I think this is one reason that Hashem gave us Rabbi Soloveitchik. Our era needed a gadol to present Torah that was not limited to Frankfurt Torah Im Derech Eretz. We needed someone who could talk about despair, even his own, who gave you more leeway in which to operate. That doesn't make him a Torah Im Derech personality in the Hirschian sense but maybe in the 20th century sense of it. R' Hirsch talked often about God as a loving God. The Rav even called God a friend. I believe that was needed for many in our era. This stuff isn't simple.

The main thing is to formulate a TIDE that works constructively for you, that inspires you to be your best. Today, it's highly personalized. You really have to work at it.

It's my view that contemporary Modern Orthodoxy is not Hirschian. Same goes for Haredism. The former is overly engaged with secular society.
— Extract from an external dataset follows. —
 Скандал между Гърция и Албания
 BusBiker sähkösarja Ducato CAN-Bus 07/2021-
The latter hides not just from the world but oftentimes from life. This doesn't go well for people who work in an office 60 hours a week. It's hard to be motivated only by Torah study when you have only an hour a day for it.

Hirschianism is a wonderful alternative to these, containing elements of each. However, most people need to apply it to contemporary life - I call this application American Hirschian Torah Im Derech Eretz.
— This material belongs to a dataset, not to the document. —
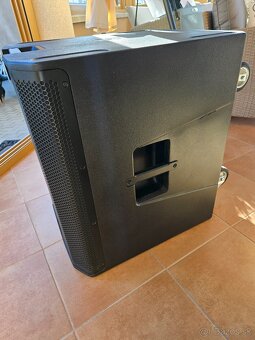 Aktívny subwoofer LD Systems ICOA 18A – TOP stav - 11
  1. I agree with much of what you write. But the following shiur changed my mind re; R' Hirsch- R' Soloveitchick compatibility:

    I disagree vehemently with R' Rakeffet on some issues; but I think he's dead-on with his main points in this shiur.
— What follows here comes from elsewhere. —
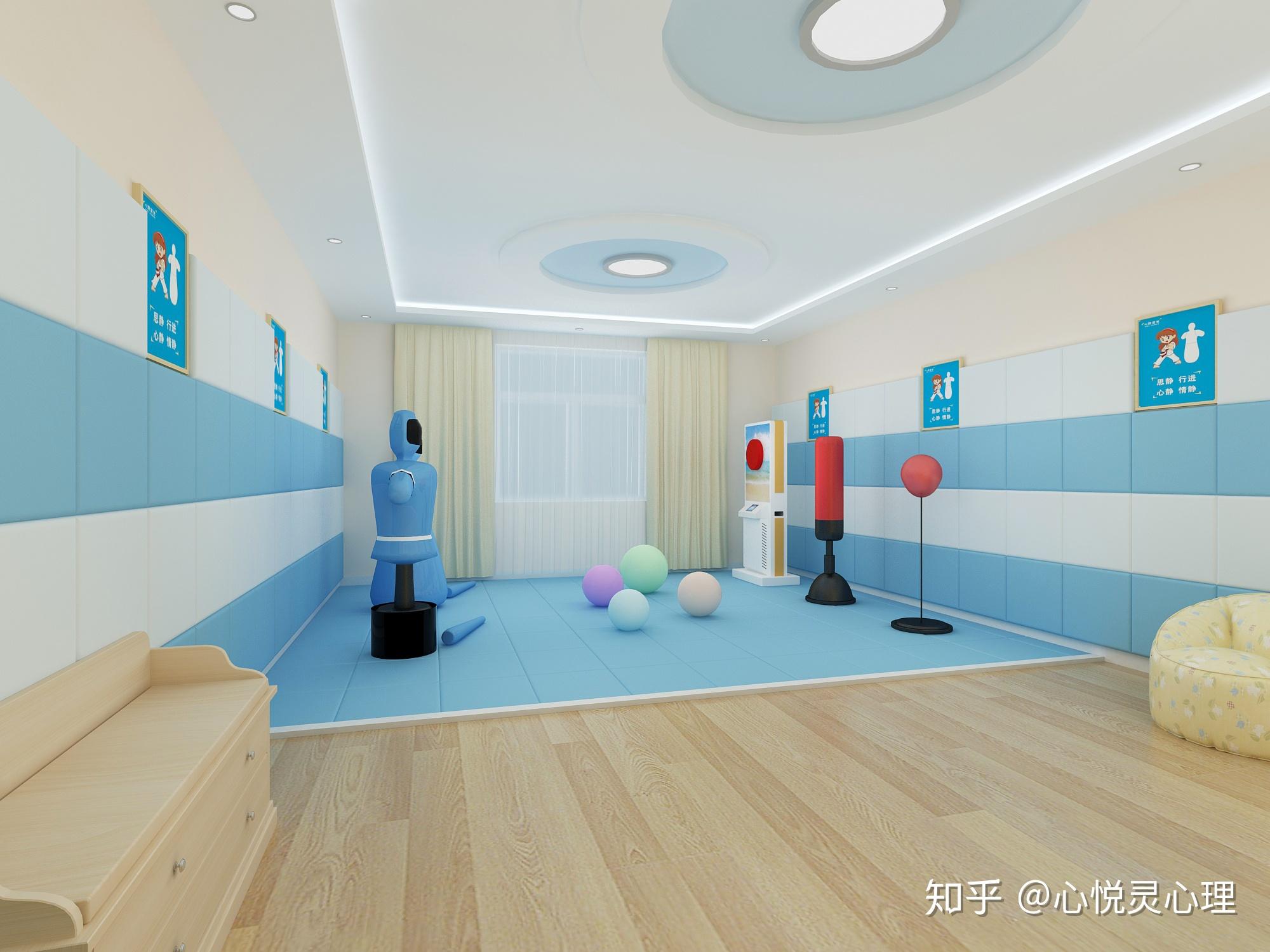 具有既服务心理咨询中心建设和工作开展,又服务来访者心理辅导与训练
  2. I have heard the shiur and rely on Rakeffet for an understanding of the difference between TIDE and TUM. So it depends what you mean by compatability. Let's say TIDE is different from TUM. Well so is TIDE different from TO (Torah only). Does that mean you as a TIDE person can't study R' Chaim Solovietchik? Look how many in the yeshiva world study R' Hirsch on Chumash. So I wouldn't call the Rav a TIDE person. He was TUM. But the Rav explained everything. He was a teacher for klal Yisrael. He didn't lay down derachim for people. He just explained Torah. And we needed someone like that in the 20th century since the entire world had been turned on his head. So when he explained TIDE, you could learn from it. When he explained Torah in general, you could learn from it. So I have to ask again, what you mean by compatability. I personally am pure TIDE. When I study secular subjects, I study the ones that fit in best with Torah and I bring in the ideas into my Torah life. TUM people don't do that. OK, that's a different derech. TIDE works for me because I have an orderly mind. I was raised in a Germanic country - the USA. I'm very moralistic. Thus, I like John Steinbeck and Charles Dickens. Many literarary critics make fun of them for being so moralistic as if that doesn't make for great literature. I don't know how well Hirschian TIDE will work for a Russian who is studying secular studies. Many Eastern Europeans including R' Kotler and R' Kamenestky read Dostoyefksi (sp?). I don't care for it. Too much despair and nihilism there. I want material that feeds right back into my Torah - a TIDE man. Maybe I'm an intellectual lightweight too. So in sum, I would phrase my approach like this: my derech is TIDE. It comes from R' Hirsch. But I still learn from R' Kook, R' Soloveitchik and many others. I don't get my derech from them. I'm not running off to make aliyah. I'm not studying Kant cover to cover. But just as I welcome the good produced by the general society, I welcome, l'havdil, Torah that comes from non-TIDE people. Are they compatabile? Their derachim are different. But it's all Torah and I can benefit from it.